*YOUR ASSIGNMENT:*
Further down are entries; set down exactly and only the lines from the one with "Floor-to-ceiling blue GlassWrite" up to and including the one with "Pastelowe żółte spodnie", dropping each picture.

━━━━━━

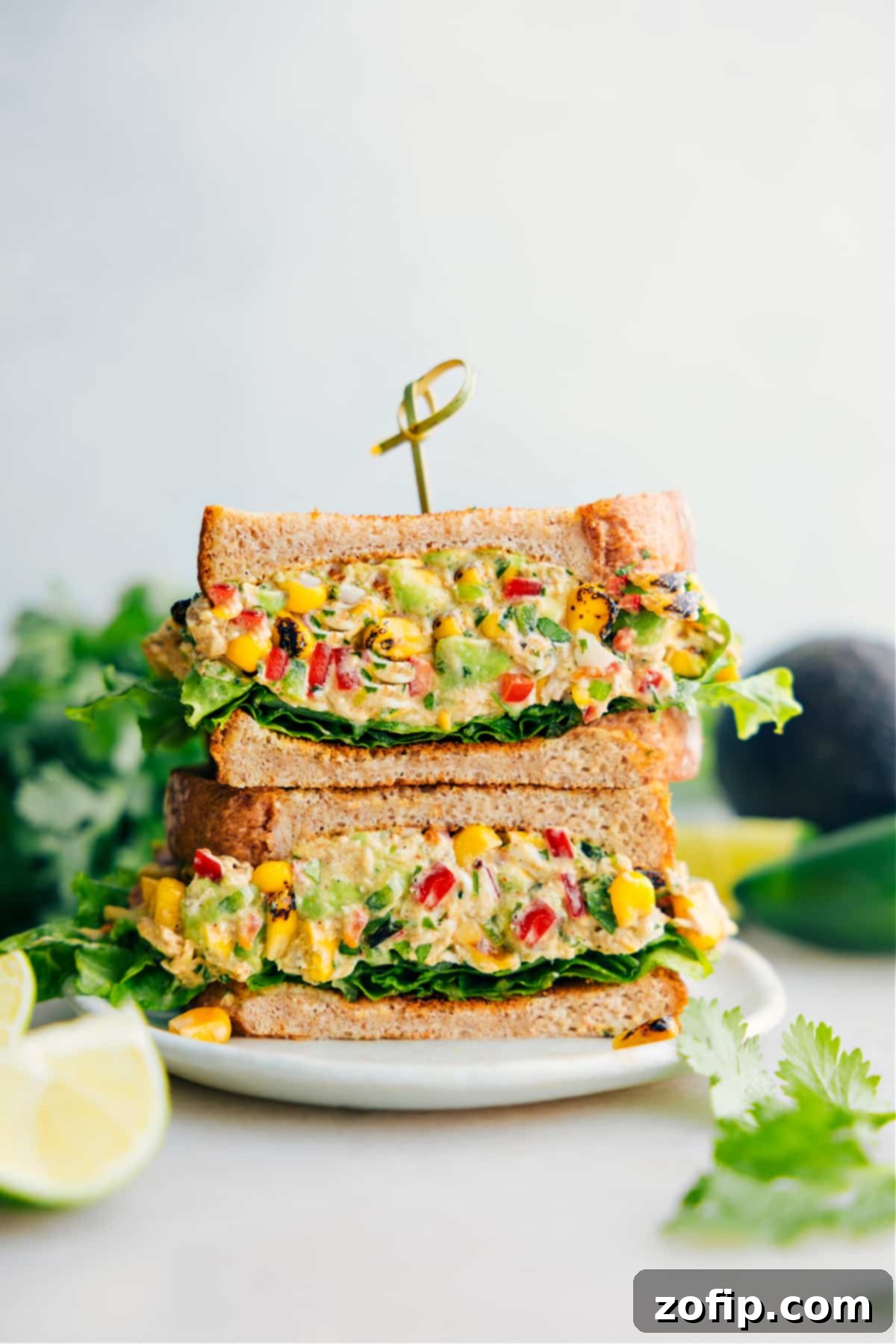 Elote Chicken Salad 2 Mexican Street Corn Chicken Salad served in a sandwich with fresh lettuce leaves.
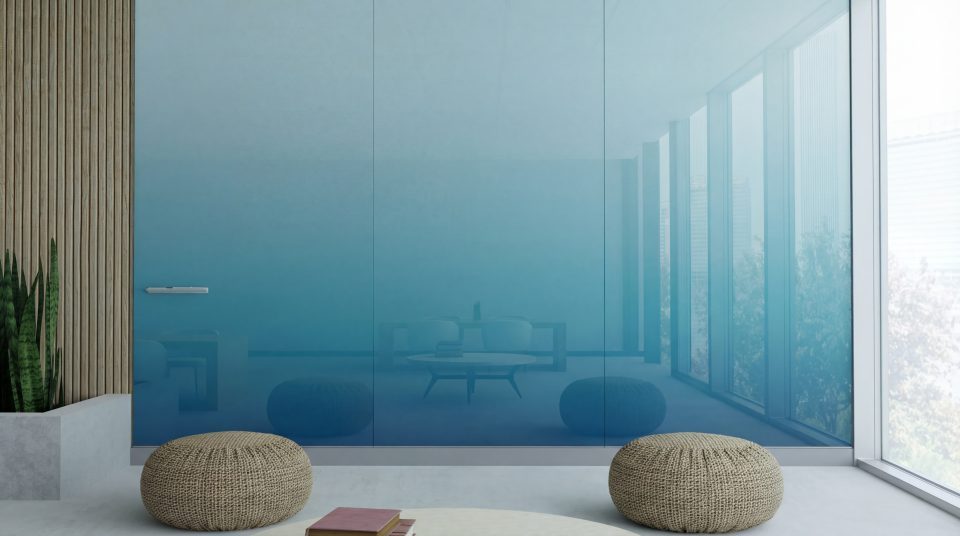 Floor-to-ceiling blue GlassWrite Linxx writable glass wall in a lounge space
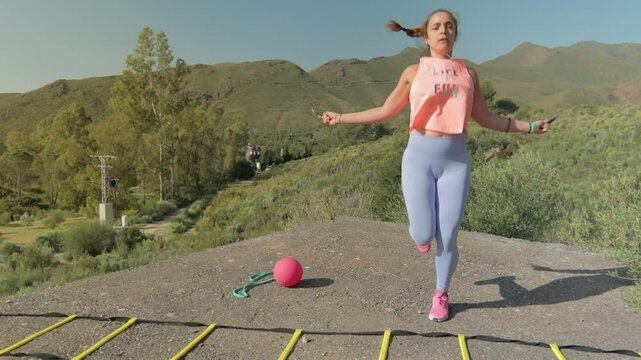 Fit Woman Jumps Rope Doing Sport in Nature with Mountains in the Background. Mujer Fitness Salta a la Comba Haciendo Deporte en la Naturaleza con Monta&ntilde;as de Fondo
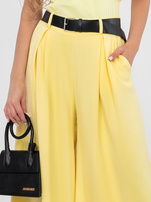 Pastelowe żółte spodnie z szeroką nogawką RUE PARIS 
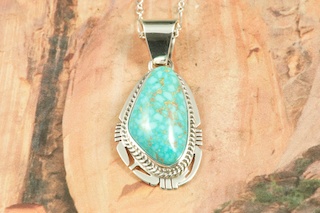Genuine High Grade Kingman Web Turquoise set in Sterling Silver Pendant. Created by Navajo Artist Phillip Sanchez. Signed by the artist. The Mineral Park Mine, in the Cerbat Mountains 14 miles northwest of Kingman, was first mined by Indians centuries before white man came to the area. It is one of the three sites of prehistoric mining localities in the state of Arizona. Mineral Park was the most extensively worked area by the Indians of the three. S.A. �Chuck� Colbaugh found a cache of stone hammers uncovered in ancient trenches and tunnels, when he had the turquoise mining concession in May of 1962. Ithaca Peak and Turquoise Mine (formally called Aztec Mountain or Aztec Peak) are the most famous of the peaks in the area containing turquoise. Free 18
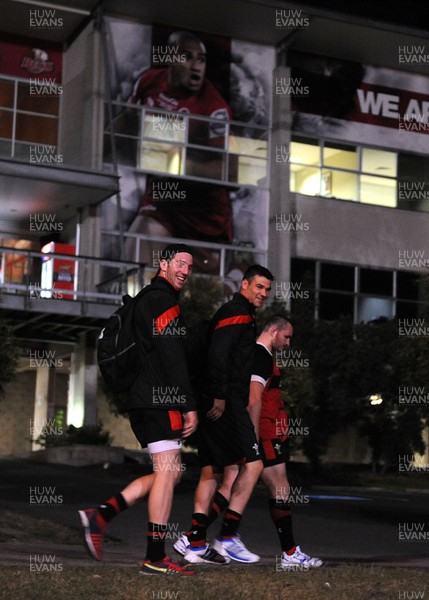 070612 - Wales Rugby Training -Alex Cuthbert, Mike Phillips and Ken Owens walk past a poster of Will Genia during training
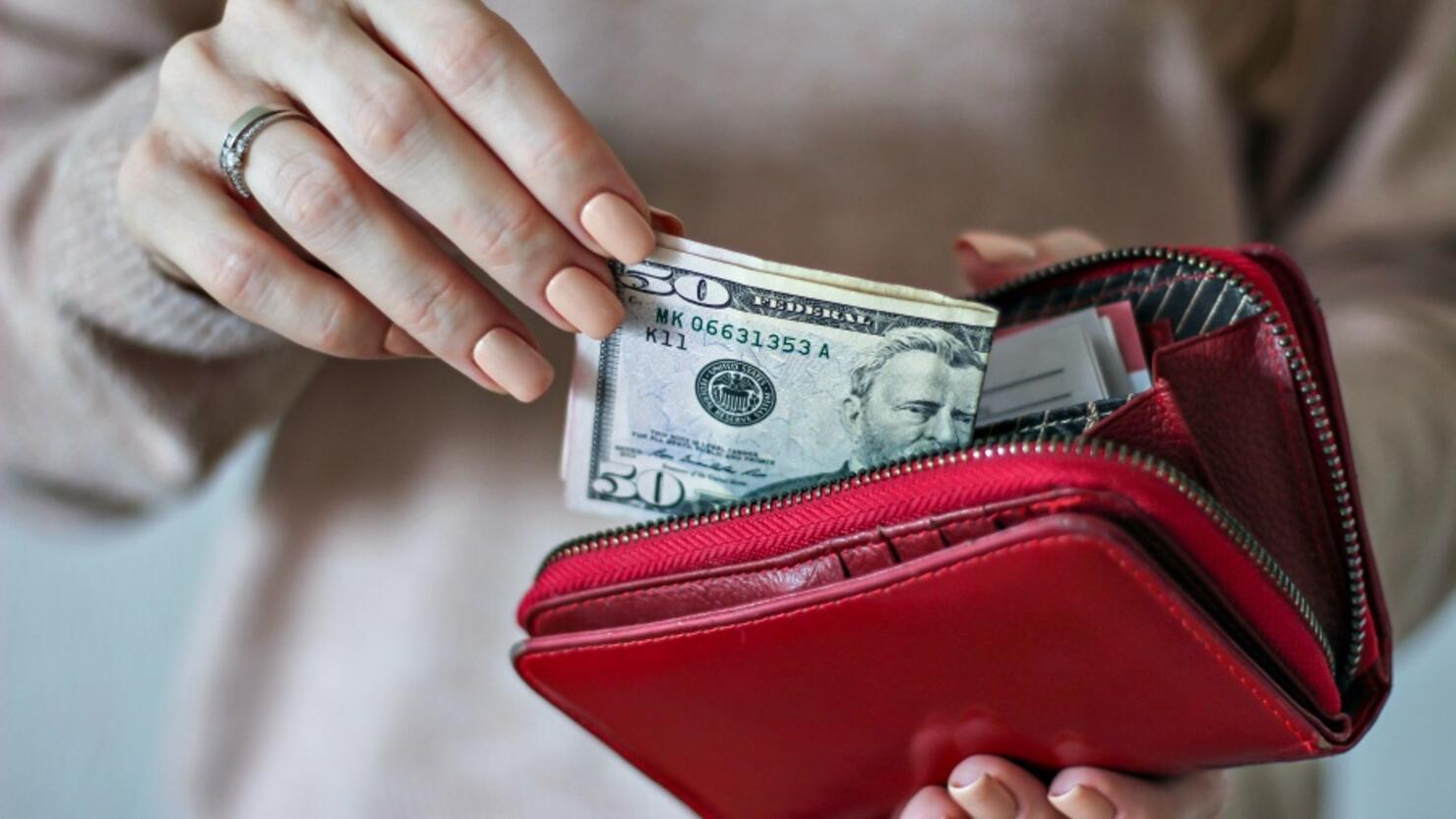 Midsection Of Woman Holding Purse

━━━━━━

*YOUR SOLUTION:*
 Floor-to-ceiling blue GlassWrite Linxx writable glass wall in a lounge space
 Fit Woman Jumps Rope Doing Sport in Nature with Mountains in the Background. Mujer Fitness Salta a la Comba Haciendo Deporte en la Naturaleza con Monta&ntilde;as de Fondo
 Pastelowe żółte spodnie z szeroką nogawką RUE PARIS 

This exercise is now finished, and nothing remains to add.